I plan to perform bud grafts onto the shoots of a peach grown in fan shape espalier and onto the trunks of apple trees grown as espalier.
I am concerned that these grafts may not take due to apical dominance. I have read that apical dominance may by eliminated by making a notch half way around and above the graft. Have any of you had success doing this?

I’ve done this for years with almost all my grafts because it can make a real difference. There are some good threads on the subject, but my short version is pretty much the way you describe it. I’ve never gone half way around, though - I just make sure the notch overhangs the bud on each side, and that the cut is deep enough to take out the cambium. The cut will heal over in a season or so.

5 Likes

Same here only go about less than 1/3 around, just enough to include the full width of bud. Use a hacksaw blade seems to work best, have several growing this spring on plums
Dennis
Kent wa

3 Likes

Can also be useful to get a dormant bud to sprout on a branch or trunk.

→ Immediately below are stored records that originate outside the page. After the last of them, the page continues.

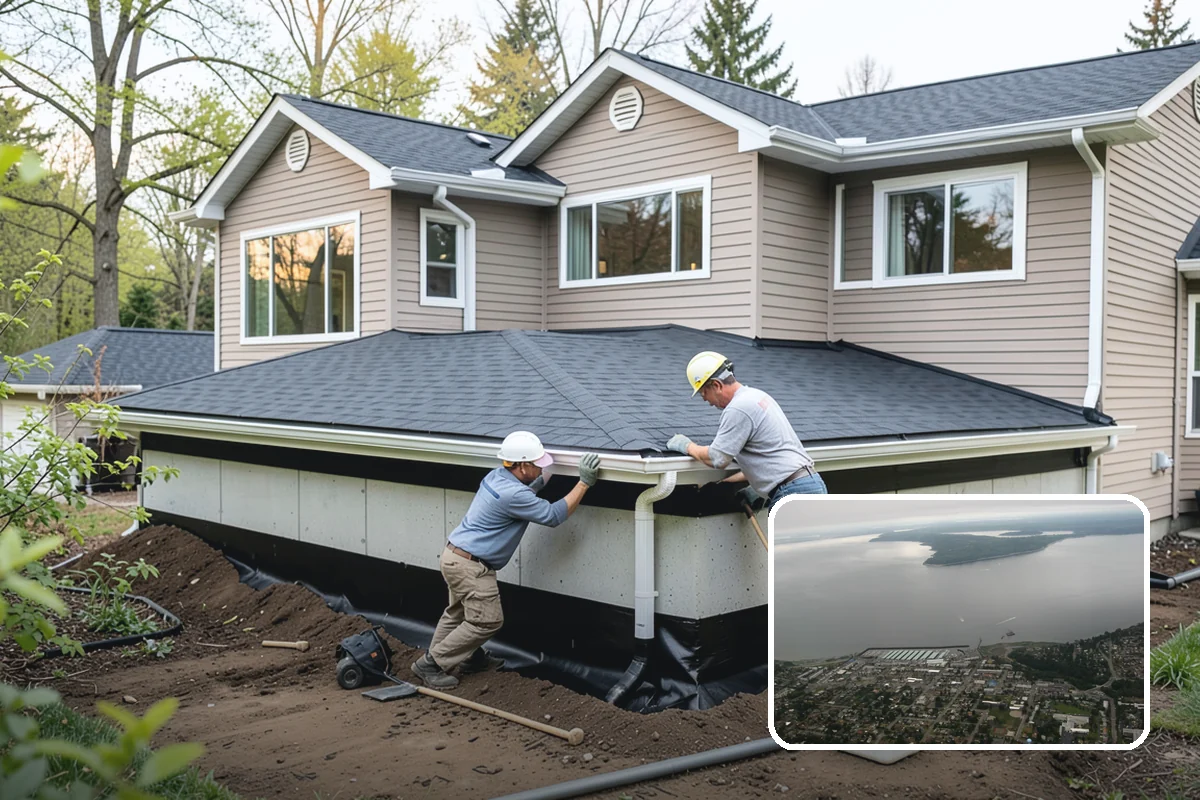 Poured Concrete Retaining Wall in Des Moines, King County, WA - Highest strength for tall or heavily loaded walls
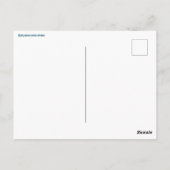 Whimsnail op Magische Paddenstoel Aangepaste Verja Briefkaart (Achterkant)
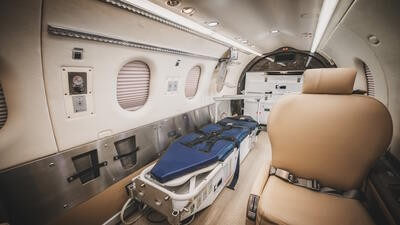 Life Flight Network Spectrum Aeromed PC-12 Liquid oxygen
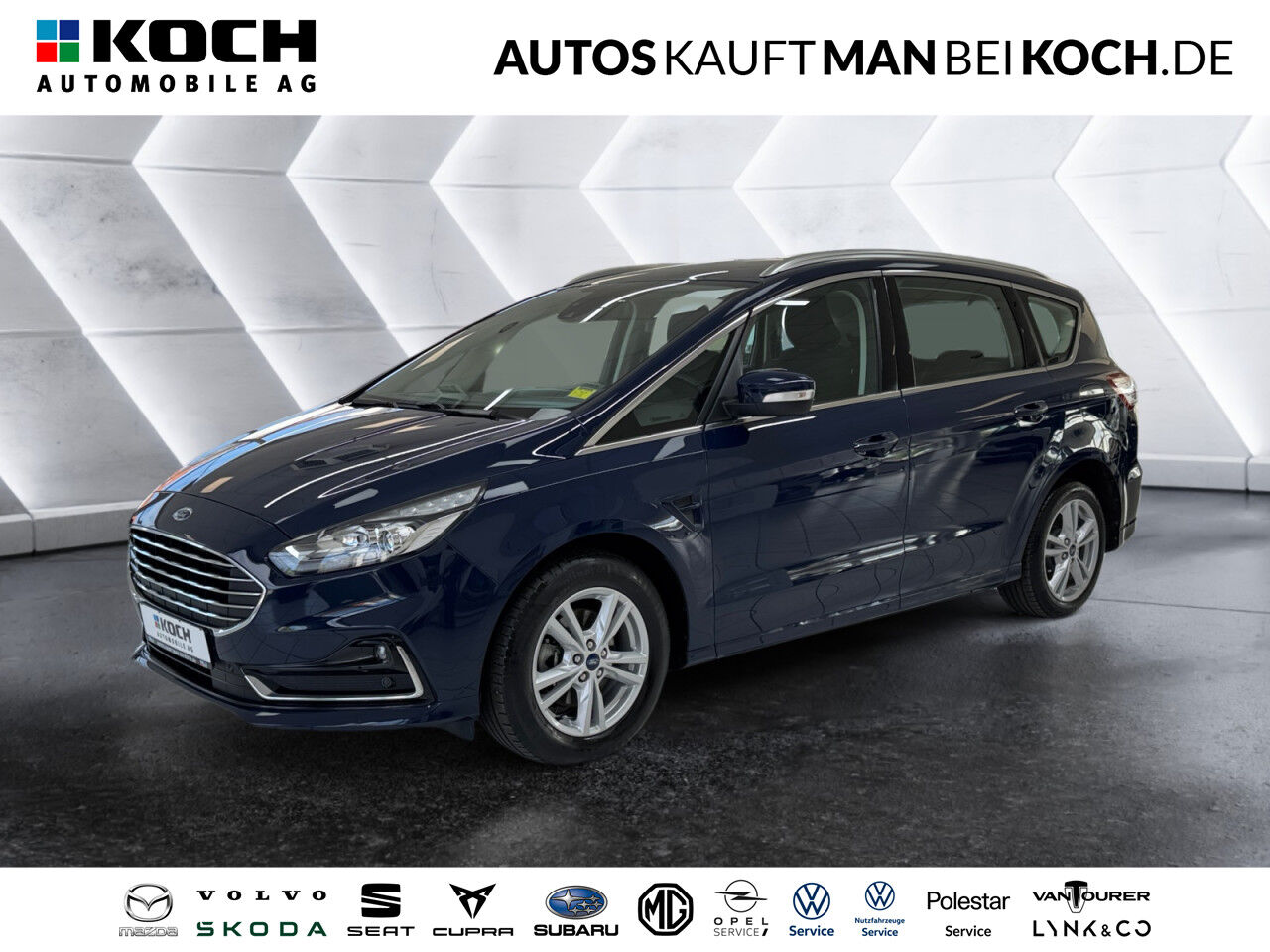 FORD S-Max 2.5 Hybrid Titanium LED PDC R-KAM AHK ACC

My actual “formula” for the length of the cut is 3x the diameter of the bud or scion it’s to affect. So a cut above a 1/4" bud would be 3/4". If you’re replacing a branch on a growing tree with a new variety you would cut 3x the diameter of the branch to which you’re grafting. That may be more than needed, but it seems to work for me.

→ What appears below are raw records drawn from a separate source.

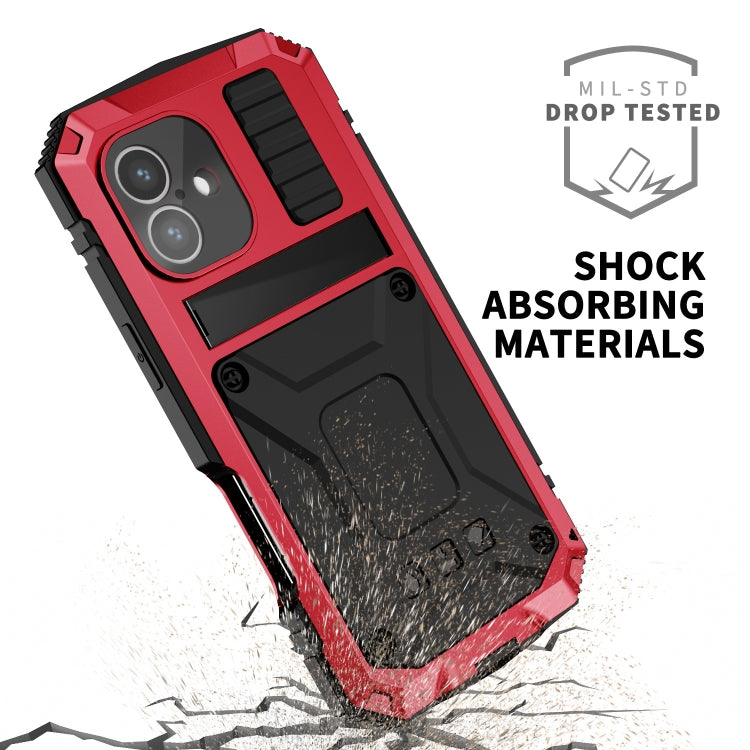 For iPhone 16 R-JUST Life Water-resistant Dustproof Shockproof Phone Case(Red)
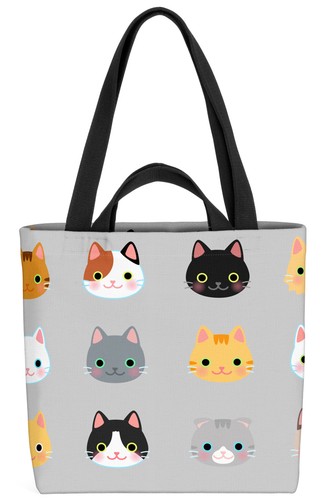 Anime gatti grigio borsa - grigio,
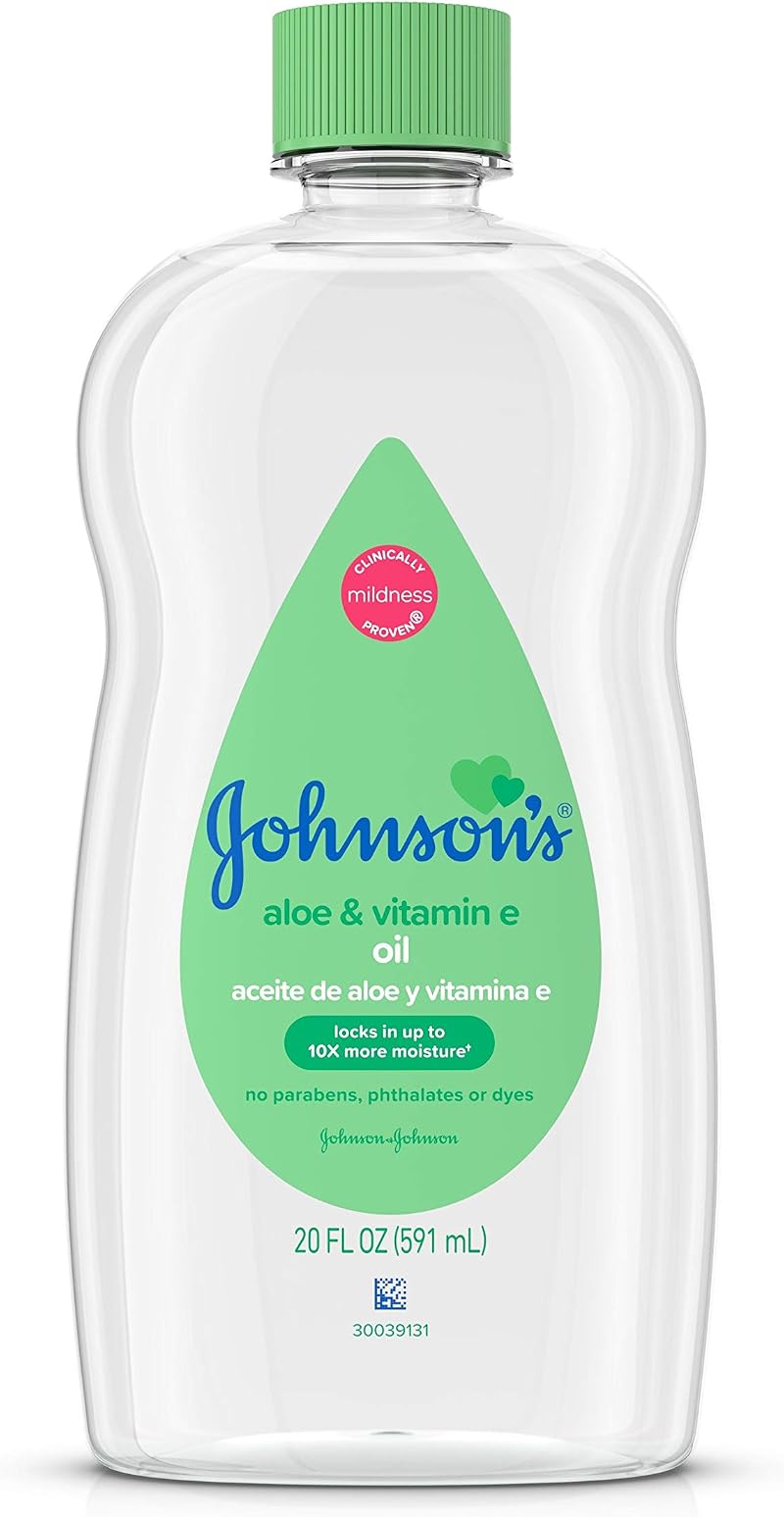 Johnson's Baby Oil With Aloe Vera & Vitamin E 20 oz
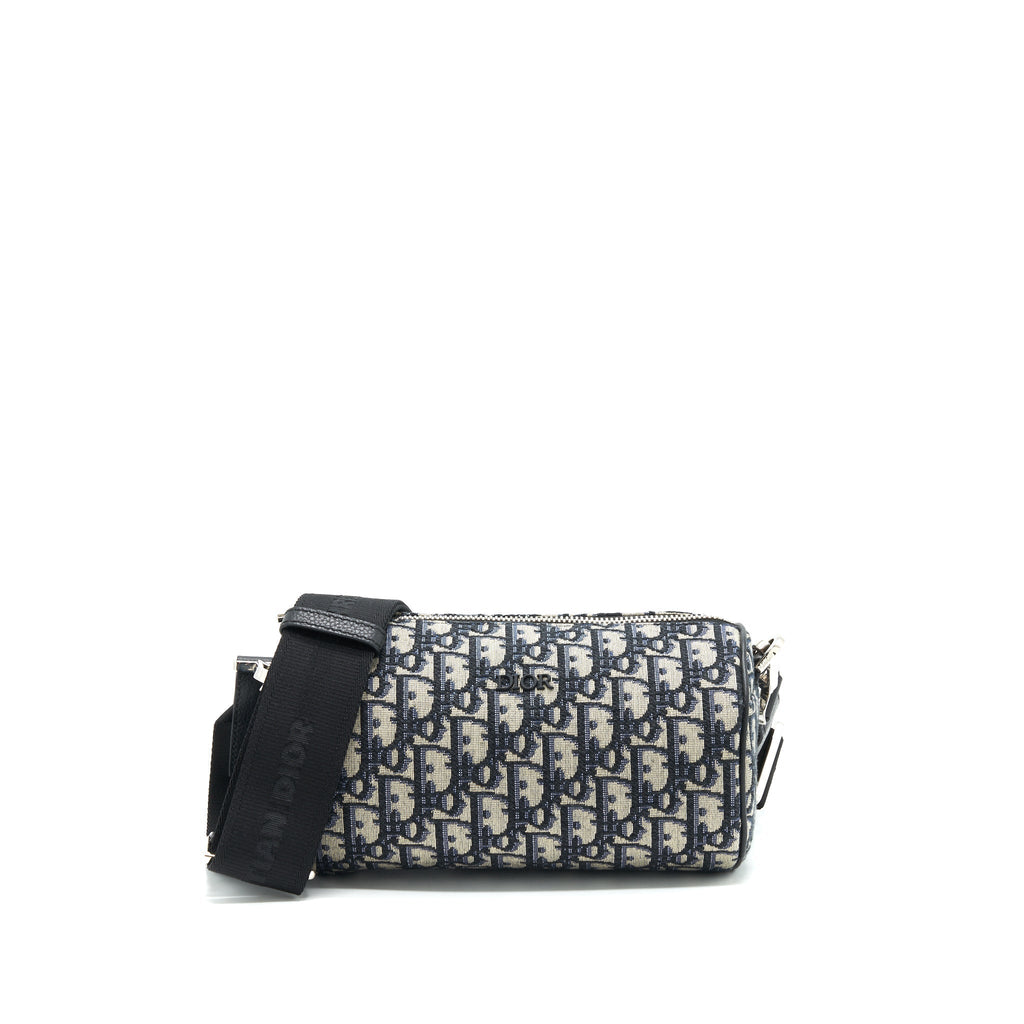 dior-blue-oblique-messenger-roller-bag
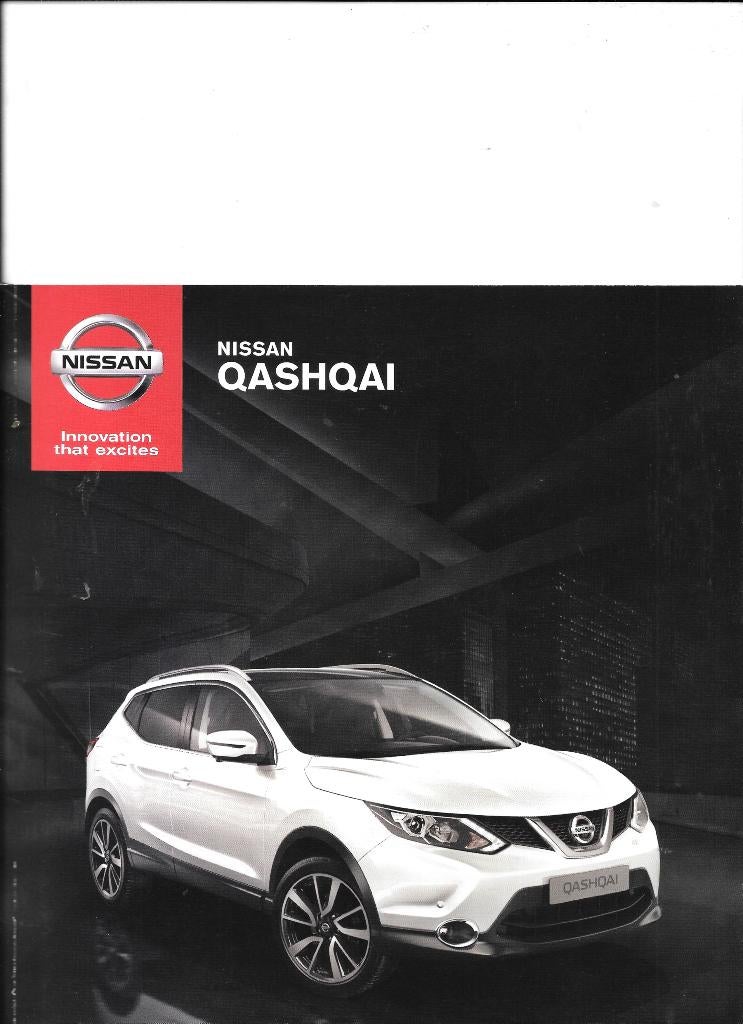 NISSAN QASHQAI  2015, Boeken, Auto's | Folders en Tijdschriften, Ophalen of Verzenden, Zo goed als nieuw, Nissan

I had a fine tooth Silky pocket saw that I use (Silky Pocket Boy 170) but sometimes I’ve gotten by with just the sharp blade of my nippers. It’s one of those “just do it - you’ll see” things.

3 Likes

I just found this article: A New and Expeditious Mode of Budding from 1811. (A New and Expeditious Mode of Budding - PMC) The author tied a ligature above and another below the bud and, once the bud was attached, removed the lower ligature. This caused the buds to “vegetate strongly”.
Has anyone tried this?

I don’t know why tying below the bud would help, but there’s a lot I don’t know.

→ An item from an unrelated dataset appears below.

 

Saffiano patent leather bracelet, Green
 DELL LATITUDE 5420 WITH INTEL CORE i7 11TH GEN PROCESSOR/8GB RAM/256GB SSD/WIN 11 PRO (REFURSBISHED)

I have tried ligating branches to encourage fruiting. That works at least some on pear. I inadvertently “discovered” it when a line I’d used to pull a branch down had cut into the bark all the way around. One year I tried using radiator hose clamps but never saw an advantage from that experiment on three branches, and I never followed up.

1 Like

I’ve seen videos from Daley’s Nursery where they demonstrate cincturing (slashing in a vertical angle) to dwarf a tree and induce fruiting, so I suppose it is the same concept of just slowing the flow of nutrients.